• **Your instructions**
Please give back word for word the lines of the material below between the line containing "Doppelbett Freisinger Hof" and the line containing "2025 Ford Explorer Active thumbnail 19", inclusive.

• **Provided data**
Content starts
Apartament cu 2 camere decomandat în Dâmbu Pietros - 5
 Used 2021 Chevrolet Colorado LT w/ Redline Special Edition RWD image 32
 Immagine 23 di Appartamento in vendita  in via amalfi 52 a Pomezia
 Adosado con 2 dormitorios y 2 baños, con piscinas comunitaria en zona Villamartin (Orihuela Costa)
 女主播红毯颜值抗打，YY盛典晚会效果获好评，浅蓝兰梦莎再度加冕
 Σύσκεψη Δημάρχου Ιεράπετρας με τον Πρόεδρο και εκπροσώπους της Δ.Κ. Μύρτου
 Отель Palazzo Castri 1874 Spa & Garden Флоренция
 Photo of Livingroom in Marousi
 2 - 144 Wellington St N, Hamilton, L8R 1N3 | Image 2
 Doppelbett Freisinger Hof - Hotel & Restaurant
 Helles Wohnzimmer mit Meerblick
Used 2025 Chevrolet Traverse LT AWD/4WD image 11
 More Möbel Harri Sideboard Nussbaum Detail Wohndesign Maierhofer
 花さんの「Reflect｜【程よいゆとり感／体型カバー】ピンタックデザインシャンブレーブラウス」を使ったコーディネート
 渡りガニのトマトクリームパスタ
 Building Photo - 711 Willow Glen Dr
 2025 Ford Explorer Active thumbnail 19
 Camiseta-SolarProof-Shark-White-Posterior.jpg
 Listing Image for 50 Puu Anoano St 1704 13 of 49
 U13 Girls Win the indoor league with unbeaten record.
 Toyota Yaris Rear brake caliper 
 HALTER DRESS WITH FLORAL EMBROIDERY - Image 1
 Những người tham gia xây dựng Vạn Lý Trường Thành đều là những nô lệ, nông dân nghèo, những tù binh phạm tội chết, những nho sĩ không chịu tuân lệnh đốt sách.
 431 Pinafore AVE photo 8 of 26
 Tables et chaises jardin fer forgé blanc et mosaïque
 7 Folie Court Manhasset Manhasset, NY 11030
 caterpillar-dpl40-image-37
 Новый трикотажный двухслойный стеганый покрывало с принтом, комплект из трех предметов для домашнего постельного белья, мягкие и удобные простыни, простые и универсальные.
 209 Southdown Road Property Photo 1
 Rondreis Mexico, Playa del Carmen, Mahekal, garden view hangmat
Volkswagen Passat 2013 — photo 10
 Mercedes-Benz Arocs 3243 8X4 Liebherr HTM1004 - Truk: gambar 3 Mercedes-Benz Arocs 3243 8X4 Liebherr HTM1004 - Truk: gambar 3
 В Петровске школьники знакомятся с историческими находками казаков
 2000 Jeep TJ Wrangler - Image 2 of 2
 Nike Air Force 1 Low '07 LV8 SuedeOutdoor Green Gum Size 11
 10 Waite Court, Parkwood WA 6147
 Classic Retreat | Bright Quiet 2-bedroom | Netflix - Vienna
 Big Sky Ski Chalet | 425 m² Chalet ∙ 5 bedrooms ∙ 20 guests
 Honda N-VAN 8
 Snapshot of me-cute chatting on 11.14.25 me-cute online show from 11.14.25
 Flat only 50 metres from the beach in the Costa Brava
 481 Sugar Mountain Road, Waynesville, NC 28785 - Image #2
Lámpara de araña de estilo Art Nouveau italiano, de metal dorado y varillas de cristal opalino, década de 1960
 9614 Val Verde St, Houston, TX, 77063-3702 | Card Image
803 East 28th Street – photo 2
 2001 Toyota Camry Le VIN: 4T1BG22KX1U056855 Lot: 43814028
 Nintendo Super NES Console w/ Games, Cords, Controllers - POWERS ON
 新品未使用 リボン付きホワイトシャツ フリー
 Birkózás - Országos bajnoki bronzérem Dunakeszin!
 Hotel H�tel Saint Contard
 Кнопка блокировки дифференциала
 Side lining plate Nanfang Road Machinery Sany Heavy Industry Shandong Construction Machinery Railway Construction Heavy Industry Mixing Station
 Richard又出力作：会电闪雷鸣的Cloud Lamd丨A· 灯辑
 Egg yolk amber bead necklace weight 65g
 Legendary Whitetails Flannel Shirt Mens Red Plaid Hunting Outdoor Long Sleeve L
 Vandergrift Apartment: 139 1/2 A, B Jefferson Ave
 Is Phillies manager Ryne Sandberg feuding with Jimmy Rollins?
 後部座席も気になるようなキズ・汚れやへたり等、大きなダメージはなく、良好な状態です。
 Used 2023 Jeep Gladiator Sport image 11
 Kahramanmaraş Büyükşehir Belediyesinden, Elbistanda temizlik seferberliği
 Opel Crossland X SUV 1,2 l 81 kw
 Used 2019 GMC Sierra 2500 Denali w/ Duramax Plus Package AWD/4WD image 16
Content ends
• **Worked solution**
 Doppelbett Freisinger Hof - Hotel & Restaurant
 Helles Wohnzimmer mit Meerblick
Used 2025 Chevrolet Traverse LT AWD/4WD image 11
 More Möbel Harri Sideboard Nussbaum Detail Wohndesign Maierhofer
 花さんの「Reflect｜【程よいゆとり感／体型カバー】ピンタックデザインシャンブレーブラウス」を使ったコーディネート
 渡りガニのトマトクリームパスタ
 Building Photo - 711 Willow Glen Dr
 2025 Ford Explorer Active thumbnail 19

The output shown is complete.